La giornata con gli amici di Quercianella, Giovanni, suo fratello Marco, è scorsa serena. Non era facile o scontato, dopo tanti anni, almeno per la mia introversa ritrosia, ma così è stato. Abbiamo fatto il giro di Quercianella e rivisto i luoghi dove loro mettevano la tenda, ospitandomi, d'estate. Il percorso che facevamo per andare al mare, il bar, la latteria. Marco, un po' più grande di Giovanni, aveva mantenuto i rapporti con quel luogo di gioventù. Almeno una volta l'anno era stato alla Cala per un bagno, una nuotata. Abbiamo ricordato quando la sera metteva i palamiti con un amico che aveva la barca e i filaccioni a nuoto da solo e poi il pesce pescato se lo vendeva. Era anche bravo nella pesca subacquea: lui, noi no. Marco è divenuto un ingegnere, un imprenditore che ancora s'ingegna, ha inventiva. La moglie è una professoressa che ha insegnato nelle nostre scuole. Sono nonni. Giovanni era un medico importante all'ospedale di Cremona, sua moglie ha una bella azienda agricola con mucche da latte. Ora è in pensione. Lui è un chirurgo, un urologo e io, in compenso, un prostatico ipertrofico. A pensarci bene lui è la cura e io la malattia: a volte quando si dice l'amicizia! Ci siamo scambiati le foto dei figli. Hanno avuto vite e affetti solidi, i miei amici.
Poi velocemente si è fatto sera. È arrivata l'ora dei saluti, degli abbracci, dei baci. Rivediamoci ancora, non perdiamoci di vista. Dobbiamo ritornare alla Cala, anche con Paolo, il fratello maggiore, assente giustificato.

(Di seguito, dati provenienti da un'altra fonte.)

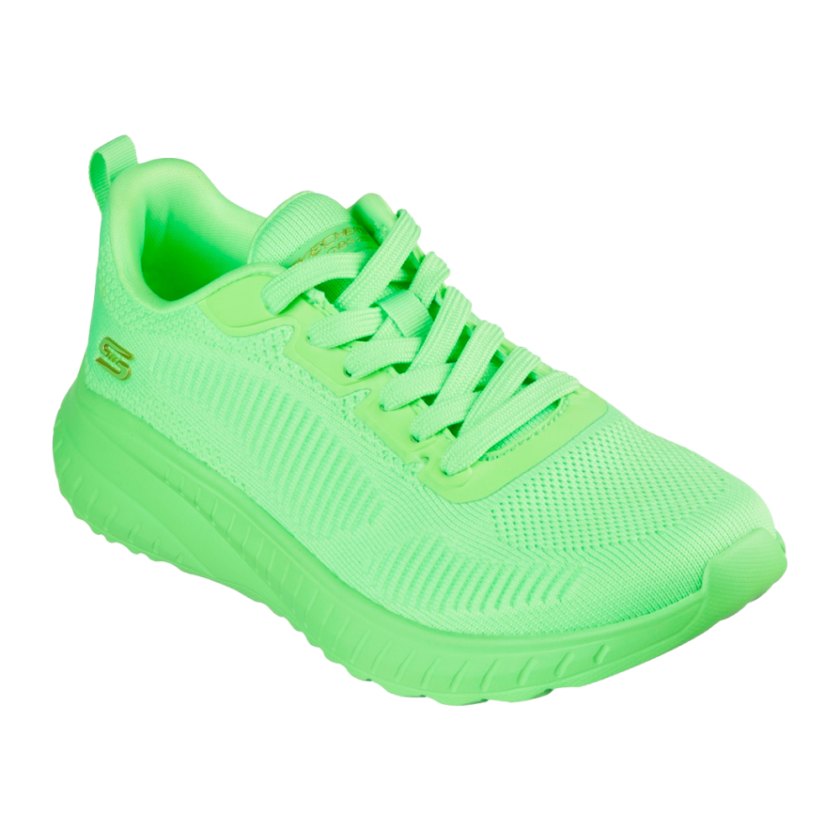 Sneakers dama SKECHERS 117216 LIME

I ricordi hanno richiamato le parole. Le parole hanno ridestato la vita che è stata e che andava ricordata. Ed è stato bello farlo. Questo racconto un po' la ricorda. E dunque: vivere o scrivere? Forse entrambe le cose: vivere e scrivere. Bisognerebbe amare le parole, come la vita e la vita, come le parole.